Ini Hukum Ucapkan Minal Aidin Wal Faizin Saat Lebaran

Sudah menjadi tradisi di Indonesia setiap lebaran Idul Fitri kaum muslimin saling bermaaf-maafan dan memberi ucapan tahni’ah MINAL ‘AIDIN WAL FAIZIN. Dan ada yang menambahkan “Mohon Maaf Lahir dan Batin”.

Ucapan “Minal ‘Aidin” ini sudah berlaku di Indonesia selama puluhan tahun, bahkan mungkin berabad lamanya. Bagiaman hukumnya menurut padandangan syariat?

Menurut Dai Lulusan Sastra Arab Universitas Indonesia Ustaz Farid Nu’man Hasan, ucapan “Minal Aidin” bukanlah kesalahan, dan tidak terlarang, sebab tidak ada dalil larangannya.

Asalnya adalah “Ja’alanallah wa iyyakum minal ‘Aaidin wal Faaizin”. Artinya semoga Allah menjadikan kami dan anda termasuk orang yang kembali (suci) dan menang/beruntung.

Tidak ada yang salah dalam kalimat ini. Imam Syafi’i mengatakan, bahwa perkataan itu jika baik maka itu adalah baik, jika buruk maka itu adalah buruk. Syeikh Muhammad bin Shalih Al Utsaimin rahimahullah juga mengatakan:

التهنئة بالعيد جائزة ، وليس لها تهنئة مخصوصة ، بل ما اعتاده الناس فهو جائز ما لم يكن إثماً

Ucapan selamat hari raya itu boleh, dan tidak ada kalimat yang khusus, tetapi disesuaikan dengan kebiasan di tengah manusia, selama tidak mengandung dosa. Beliau juga berkata tentang bersalam-salaman dan berpelukan saat di hari raya, yang biasa dilakukan manusia:

هذه الأشياء لا بأس بها ؛ لأن الناس لا يتخذونها على سبيل التعبد والتقرب إلى الله عز وجل ، وإنما يتخذونها على سبيل العادة ، والإكرام والاحترام ، ومادامت عادة لم يرد الشرع بالنهي عنها فإن الأصل فيها الإباحة

Semua ini tidak apa-apa, karena manusia tidak menjadikannya sebagai ibadah ritual dan sarana taqarrub ilallaa. Mereka hanyalah menjadikan itu sebagai kebiasaan saja, pemuliaan dan penghormatan.

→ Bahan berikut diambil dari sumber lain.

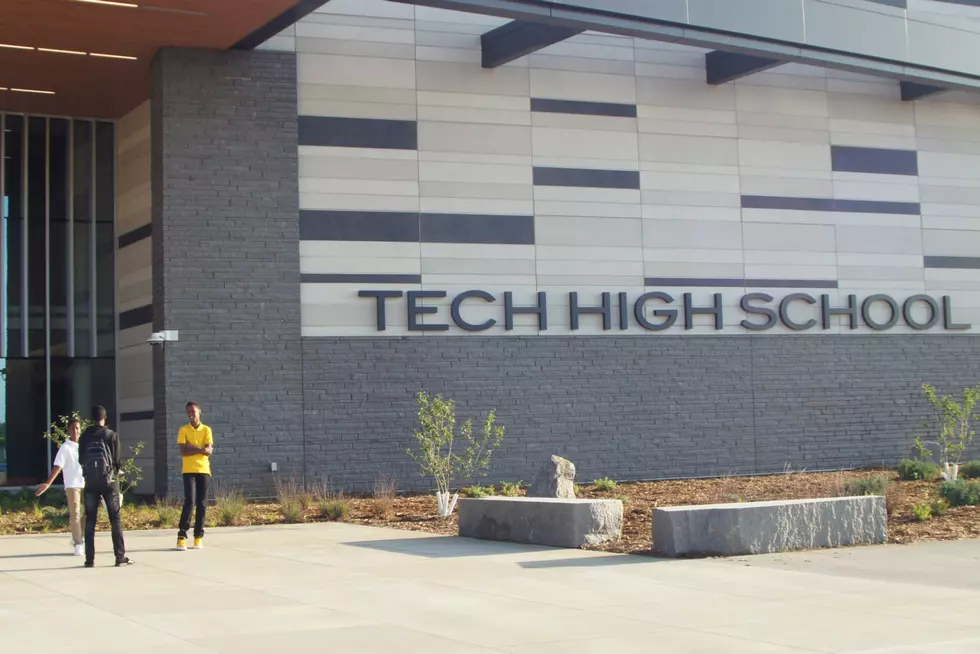 New Tech, Sartell High Schools Welcome Students [GALLERY]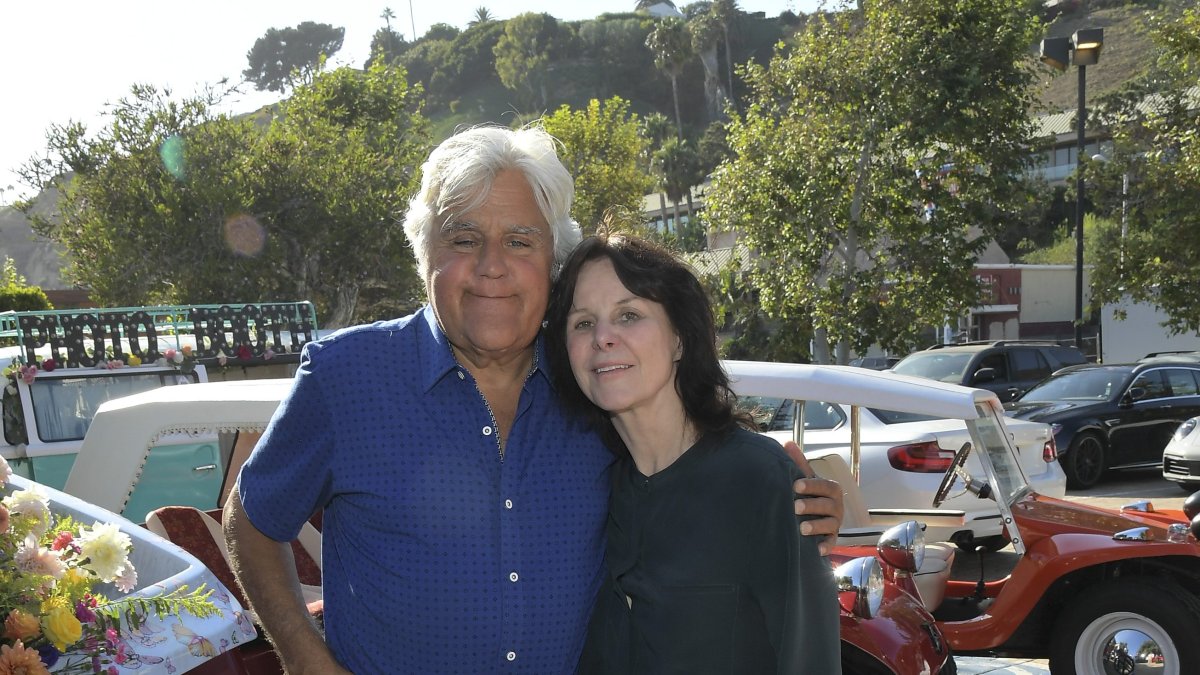 Jay Leno&#039s wife does not identify him owing to dementia, claims lawyer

Maka, selama sebuah kebiasaan tidak ada larangan dalam syariat maka itu diperbolehkan. (Majmu’ Fatawa Ibni ‘Utsaimin, 16/208-210)

Ada pun Taqabbalallah minna wa minkum, bukanlah sunnahRasulullah shallallahu ‘alaihi wa sallam.

Tetapi itu perbuatan atau kebiasaan para sahabat Nabi. Di mana Imam Ahmad bin Hambal rahimahullah tidak memakainya untuk memulai ucapan selamat, artinya Beliau memandang ini bukan sunnah dalam artian hukum sunnah.

Syaikhul Islam Ibnu Taimiyah rahimahullah mengatakan “Adapun ucapan selamat hari raya, yang biasa diucapkan manusia kepada lainnya setelah Salat Id: Taqabbalallah Minna wa Minkum, wa ahaalahullah ‘alaika, dan yang semisalnya.

Hal ini diriwayatkan dari segolongan sahabat Nabi, di mana mereka melakukannya dan memberikan keringanan atas hal itu, demikian pula para imam seperti Imam Ahmad dan lainnya.

Tetapi Imam Ahmad berkata: “Aku tidak akan memulai mengucapkannya kepada seseorang, tapi kalau ada yang mulai mengucapkan kepadaku, maka aku akan jawab”.

Memulai ucapan selamat tidak ada sunnah perintahnya, dan tidak ada pula larangannya. Maka, barang siapa yang mengucapkannya maka dia ada contoh, dan barang siapa yang tidak mengucapkannya dia juga ada contoh. Wallahu A’lam. (Fatawa Al Kubra, 2/228)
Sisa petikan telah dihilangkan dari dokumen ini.